__GIVEN MATERIAL__:
════════════════════

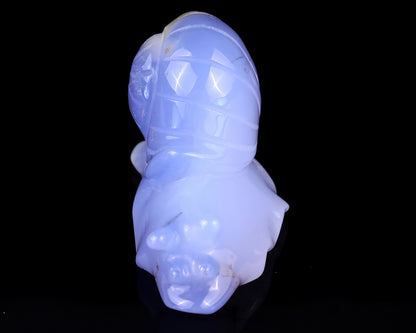 3.2" Blue Chalcedony Hand Carved Crystal Snail Sculpture Crystallumi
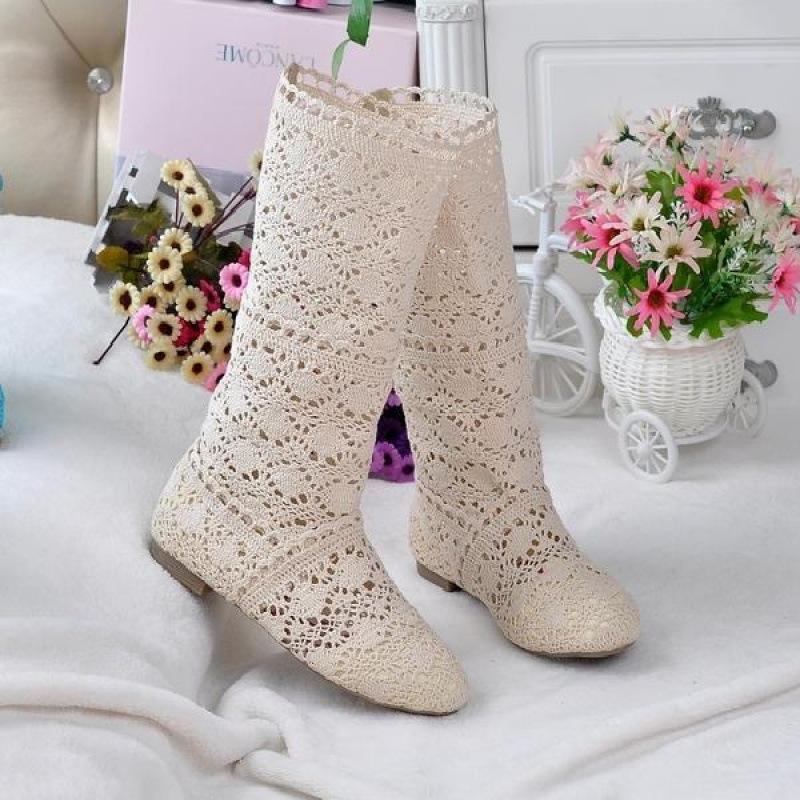 2025 neue Frühling Spitze hohl Martin Stiefel Einzelstiefel flache hohe Stiefel Netzstiefel coole Stiefel Lochschuhe Damenstiefel 36 beige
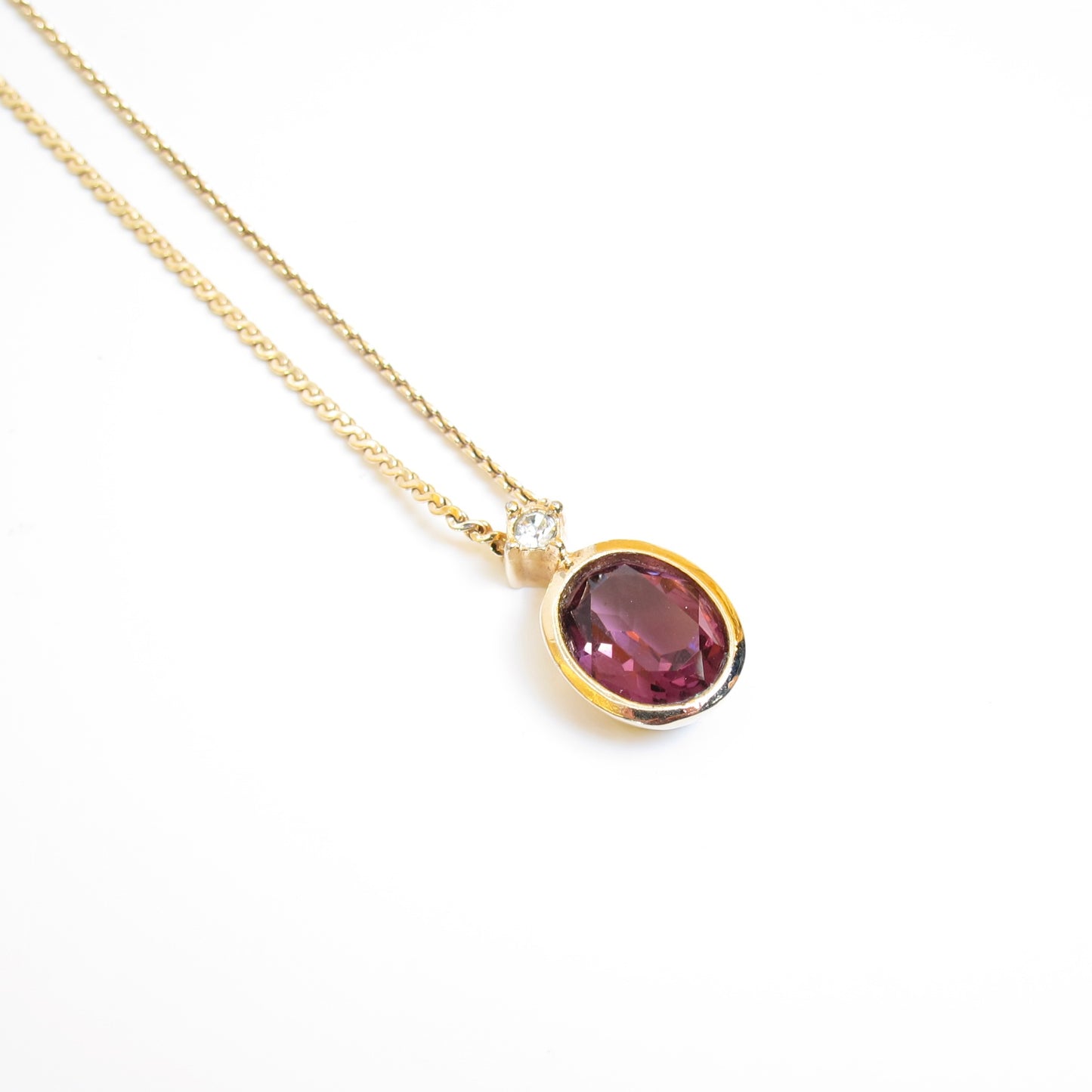 Christian Dior Vintage Plum Color Stone Golden Necklace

════════════════════

__WHAT TO WORK ON__: All of the data above should be transcribed verbatim, with pictures omitted.

__COMPLETED TASK__:
 3.2" Blue Chalcedony Hand Carved Crystal Snail Sculpture Crystallumi
 2025 neue Frühling Spitze hohl Martin Stiefel Einzelstiefel flache hohe Stiefel Netzstiefel coole Stiefel Lochschuhe Damenstiefel 36 beige
 Christian Dior Vintage Plum Color Stone Golden Necklace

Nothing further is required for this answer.